In the days before the car ferry, the Small Isles of Rhum, Eigg, Muck and Canna (three of which provided the names for small car ferries) were served by traditional mail steamer; the Loch Arkaig. Towards the end of the 1970s it was clear that a new vessel was needed, and given the specific requirements of the route, considerable consultation was sought with islanders themselves.
It was a good thing that the new ferry was ordered when she was and she arrived not a day too soon for the Loch Arkaig had suffered the undignified mishap of sinking at her berth at Mallaig earlier on in 1979. Between this unfortunate incident and the new Lochmor arriving, the Small Isles, as they are known, were served by vessels ranging from the former Clyde ferry Arran to the tiny bow-loading Coll of 1973.
When the new Lochmor did eventually put in an appearance she was something quite different to the rest of the fleet - designed specifically with the cargo requirements of her route in mind, as opposed to car-carrying. Her service speed of approx 10 knots meant she could take a tour of all four islands in around 10 hours.
The Lochmor was a reliable member of the fleet and remained in charge of the Small Isles duties for two decades before finally being replaced by the much larger Lochnevis in November 2000.
The new ferry was a unique design. Her car deck could hold up to 14 cars (more recently reduced to 10 or 11) and this was accessed by means of a huge stern ramp - quite unlike anything seen before in the fleet. The reason for this large ramp was that she was designed to be able to load directly from any linkspan or slipway on her travels without the risk of grounding and damaging her propellers. Initially the Lochnevis continued with the tried and tested practise of meeting flitboats at Rum, Eigg and Muck. Only at Canna was there a pier to berth at for the first couple of seasons. Slipways were soon under construction and from 2003 she was able to use her mighty stern ramp at all but Canna.
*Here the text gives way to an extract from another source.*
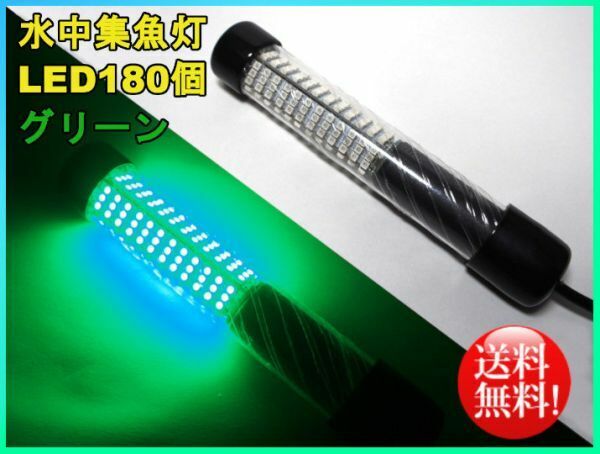 送料無料☆高輝度 水中集魚灯 ライト フィッシング グリーン DC12Ｖ 180LED 360度発光 IP68防水 イカ 夜釣り 海釣り☆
The Lochnevis has seen a little more variety than her predecessor since her introduction. Not only does she handle all the Small Isles sailings but also in winter, thanks to her being able to carry vehicles, she operates a reduced-capacity service to Armadale on Skye; one in the early morning before her Small Isles duties and then one in the early evening upon her return.
During the couple of weeks a year when she is off duty in dry-dock she has previously been relieved by the Pioneer, however with the latter vessel's disposal in 2003, this duty has fallen to a number of smaller vessels. Initially Raasay was used during overhaul periods – she would carry any vehicles required and the timetables and scheduling of the relief sailings were somewhat random and seemingly a closely guarded secret until a couple of days beforehand. As well as Raasay, a passenger vessel was now also required to run to the normal timetabled hours. This would usually involve CalMac chartering in one of the Staffa tour boats (Ullin of Staffa / Fingal / Highest Apple). Since 2008 the overhaul relief run has been handled by the Loch Bhrusda and chartered passenger craft.